## Exercise details
Copy out each line of the entries below in which the string "view" appears.

## Records for the exercise
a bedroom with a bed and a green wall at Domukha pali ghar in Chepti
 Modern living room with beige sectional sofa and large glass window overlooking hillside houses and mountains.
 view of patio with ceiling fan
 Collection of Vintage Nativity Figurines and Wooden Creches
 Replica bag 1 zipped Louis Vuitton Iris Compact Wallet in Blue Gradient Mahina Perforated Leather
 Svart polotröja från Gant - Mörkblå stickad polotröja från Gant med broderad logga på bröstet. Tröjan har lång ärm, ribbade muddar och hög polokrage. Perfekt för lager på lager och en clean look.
...
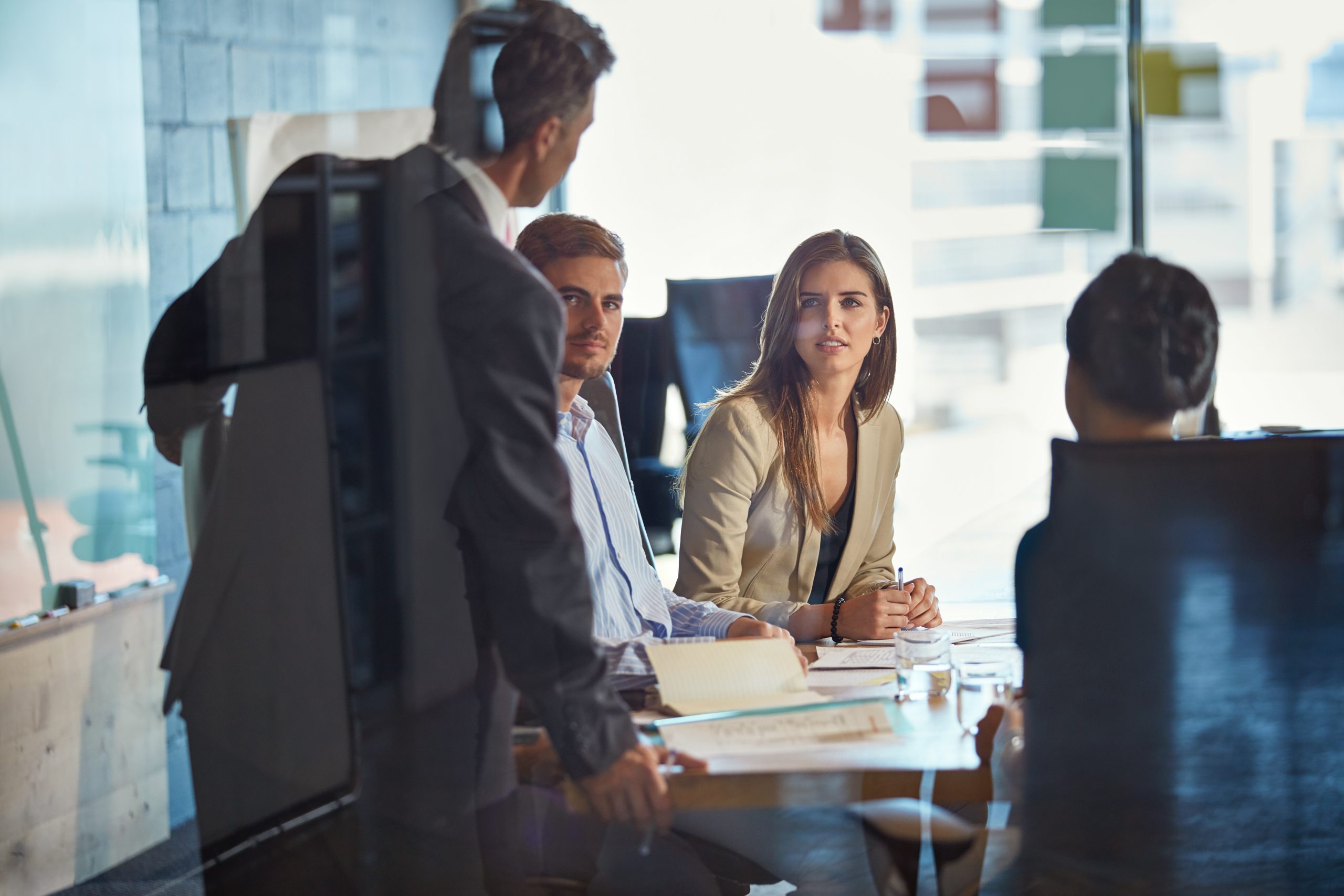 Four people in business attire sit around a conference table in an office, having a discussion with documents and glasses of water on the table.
...
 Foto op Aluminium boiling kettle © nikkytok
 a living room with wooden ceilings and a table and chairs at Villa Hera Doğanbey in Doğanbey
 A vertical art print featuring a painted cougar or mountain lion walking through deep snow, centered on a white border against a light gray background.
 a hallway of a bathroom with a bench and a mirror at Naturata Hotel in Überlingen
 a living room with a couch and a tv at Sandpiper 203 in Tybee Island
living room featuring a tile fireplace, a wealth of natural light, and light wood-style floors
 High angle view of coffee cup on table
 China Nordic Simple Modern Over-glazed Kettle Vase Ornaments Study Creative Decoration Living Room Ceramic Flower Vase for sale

## Written response
 view of patio with ceiling fan
 High angle view of coffee cup on table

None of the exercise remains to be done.